_Directions:_ Working through the records below, count the lines that include "Shirt". The reply is that number alone.

======== Record excerpts ========

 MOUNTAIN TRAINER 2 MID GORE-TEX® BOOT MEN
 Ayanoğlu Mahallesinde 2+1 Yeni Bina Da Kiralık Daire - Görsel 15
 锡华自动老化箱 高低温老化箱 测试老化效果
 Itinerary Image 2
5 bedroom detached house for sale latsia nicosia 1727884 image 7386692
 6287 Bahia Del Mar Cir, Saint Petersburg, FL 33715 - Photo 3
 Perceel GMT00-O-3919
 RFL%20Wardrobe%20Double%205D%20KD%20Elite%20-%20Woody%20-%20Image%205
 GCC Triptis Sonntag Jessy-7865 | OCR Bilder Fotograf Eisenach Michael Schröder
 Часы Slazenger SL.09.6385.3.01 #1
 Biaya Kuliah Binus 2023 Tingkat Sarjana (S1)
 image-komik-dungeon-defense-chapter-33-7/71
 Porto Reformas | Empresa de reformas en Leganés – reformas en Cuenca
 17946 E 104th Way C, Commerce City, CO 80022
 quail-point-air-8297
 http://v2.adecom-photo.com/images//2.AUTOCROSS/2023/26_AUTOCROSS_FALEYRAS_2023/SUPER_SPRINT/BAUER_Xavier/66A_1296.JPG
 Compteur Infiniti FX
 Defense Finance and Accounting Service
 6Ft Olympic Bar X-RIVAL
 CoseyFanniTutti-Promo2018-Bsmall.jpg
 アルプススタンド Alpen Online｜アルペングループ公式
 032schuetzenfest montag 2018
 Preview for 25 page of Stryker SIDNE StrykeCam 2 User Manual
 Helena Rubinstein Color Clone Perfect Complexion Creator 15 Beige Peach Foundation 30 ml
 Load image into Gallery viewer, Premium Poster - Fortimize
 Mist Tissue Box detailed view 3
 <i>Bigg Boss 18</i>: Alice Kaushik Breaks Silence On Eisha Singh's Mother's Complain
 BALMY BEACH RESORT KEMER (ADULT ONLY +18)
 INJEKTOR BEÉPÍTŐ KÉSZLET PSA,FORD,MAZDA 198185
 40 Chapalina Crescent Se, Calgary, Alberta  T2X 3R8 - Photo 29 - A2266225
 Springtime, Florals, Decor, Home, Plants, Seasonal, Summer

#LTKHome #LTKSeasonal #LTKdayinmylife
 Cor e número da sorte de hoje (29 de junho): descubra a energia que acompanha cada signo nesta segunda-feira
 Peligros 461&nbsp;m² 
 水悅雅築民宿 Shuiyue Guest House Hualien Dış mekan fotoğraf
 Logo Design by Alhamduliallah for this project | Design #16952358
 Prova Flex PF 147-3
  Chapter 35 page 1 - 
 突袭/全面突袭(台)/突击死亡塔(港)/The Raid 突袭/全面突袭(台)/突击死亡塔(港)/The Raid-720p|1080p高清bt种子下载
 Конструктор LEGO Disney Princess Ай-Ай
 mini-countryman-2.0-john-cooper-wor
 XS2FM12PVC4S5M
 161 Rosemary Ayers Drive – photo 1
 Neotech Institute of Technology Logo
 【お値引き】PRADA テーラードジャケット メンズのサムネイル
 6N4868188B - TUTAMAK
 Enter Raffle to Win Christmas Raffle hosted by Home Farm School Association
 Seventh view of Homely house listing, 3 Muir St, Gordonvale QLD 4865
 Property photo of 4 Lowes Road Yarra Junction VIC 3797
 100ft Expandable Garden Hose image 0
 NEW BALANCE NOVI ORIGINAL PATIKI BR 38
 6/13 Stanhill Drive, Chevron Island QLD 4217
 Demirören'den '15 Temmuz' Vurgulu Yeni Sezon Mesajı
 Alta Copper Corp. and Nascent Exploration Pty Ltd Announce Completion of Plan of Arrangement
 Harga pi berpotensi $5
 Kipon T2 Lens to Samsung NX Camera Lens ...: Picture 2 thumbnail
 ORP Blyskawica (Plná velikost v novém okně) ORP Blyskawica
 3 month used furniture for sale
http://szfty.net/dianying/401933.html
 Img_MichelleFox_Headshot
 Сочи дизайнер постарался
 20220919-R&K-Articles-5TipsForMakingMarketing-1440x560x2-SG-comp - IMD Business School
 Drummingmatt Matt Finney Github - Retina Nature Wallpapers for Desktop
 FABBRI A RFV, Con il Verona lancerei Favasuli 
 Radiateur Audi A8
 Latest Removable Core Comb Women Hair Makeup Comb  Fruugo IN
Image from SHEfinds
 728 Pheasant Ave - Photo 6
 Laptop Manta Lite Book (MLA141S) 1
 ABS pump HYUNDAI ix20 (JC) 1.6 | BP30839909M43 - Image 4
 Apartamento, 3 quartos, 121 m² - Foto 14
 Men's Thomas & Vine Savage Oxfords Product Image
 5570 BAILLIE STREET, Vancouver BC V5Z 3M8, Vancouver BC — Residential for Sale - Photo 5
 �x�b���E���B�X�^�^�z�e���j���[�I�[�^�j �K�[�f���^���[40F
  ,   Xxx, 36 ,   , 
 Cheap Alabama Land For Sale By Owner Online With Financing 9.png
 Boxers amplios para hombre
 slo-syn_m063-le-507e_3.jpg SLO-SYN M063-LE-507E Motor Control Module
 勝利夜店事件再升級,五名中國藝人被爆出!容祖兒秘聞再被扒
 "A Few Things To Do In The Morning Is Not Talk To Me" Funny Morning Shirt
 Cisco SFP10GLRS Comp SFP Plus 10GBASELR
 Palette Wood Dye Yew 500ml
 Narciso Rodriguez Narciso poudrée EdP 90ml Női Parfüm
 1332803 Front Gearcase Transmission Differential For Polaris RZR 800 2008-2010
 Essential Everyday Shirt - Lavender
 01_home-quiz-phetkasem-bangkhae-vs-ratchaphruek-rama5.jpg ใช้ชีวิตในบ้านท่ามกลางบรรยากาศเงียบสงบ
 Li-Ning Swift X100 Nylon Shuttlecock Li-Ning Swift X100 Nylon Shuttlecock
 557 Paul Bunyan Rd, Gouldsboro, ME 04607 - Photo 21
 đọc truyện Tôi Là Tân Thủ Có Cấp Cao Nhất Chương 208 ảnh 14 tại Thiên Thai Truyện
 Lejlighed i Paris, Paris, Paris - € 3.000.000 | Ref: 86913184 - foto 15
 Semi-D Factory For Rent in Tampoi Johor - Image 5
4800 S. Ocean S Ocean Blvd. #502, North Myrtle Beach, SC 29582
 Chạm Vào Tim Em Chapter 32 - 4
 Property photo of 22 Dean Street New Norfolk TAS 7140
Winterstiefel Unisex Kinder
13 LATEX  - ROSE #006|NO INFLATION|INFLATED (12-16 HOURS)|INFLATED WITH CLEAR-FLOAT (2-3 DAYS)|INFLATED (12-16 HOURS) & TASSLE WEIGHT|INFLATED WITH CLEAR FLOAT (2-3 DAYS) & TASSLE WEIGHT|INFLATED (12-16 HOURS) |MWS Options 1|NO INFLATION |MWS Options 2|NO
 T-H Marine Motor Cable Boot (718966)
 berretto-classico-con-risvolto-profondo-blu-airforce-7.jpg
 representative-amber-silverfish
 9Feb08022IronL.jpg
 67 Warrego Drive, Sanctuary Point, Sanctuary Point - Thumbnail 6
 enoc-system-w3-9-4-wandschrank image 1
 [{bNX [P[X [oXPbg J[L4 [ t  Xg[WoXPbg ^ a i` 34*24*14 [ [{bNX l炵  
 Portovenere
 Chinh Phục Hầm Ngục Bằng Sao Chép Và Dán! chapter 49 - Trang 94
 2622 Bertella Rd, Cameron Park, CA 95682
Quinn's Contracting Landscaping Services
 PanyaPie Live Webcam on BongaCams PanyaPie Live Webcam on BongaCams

========

_Response area:_ 2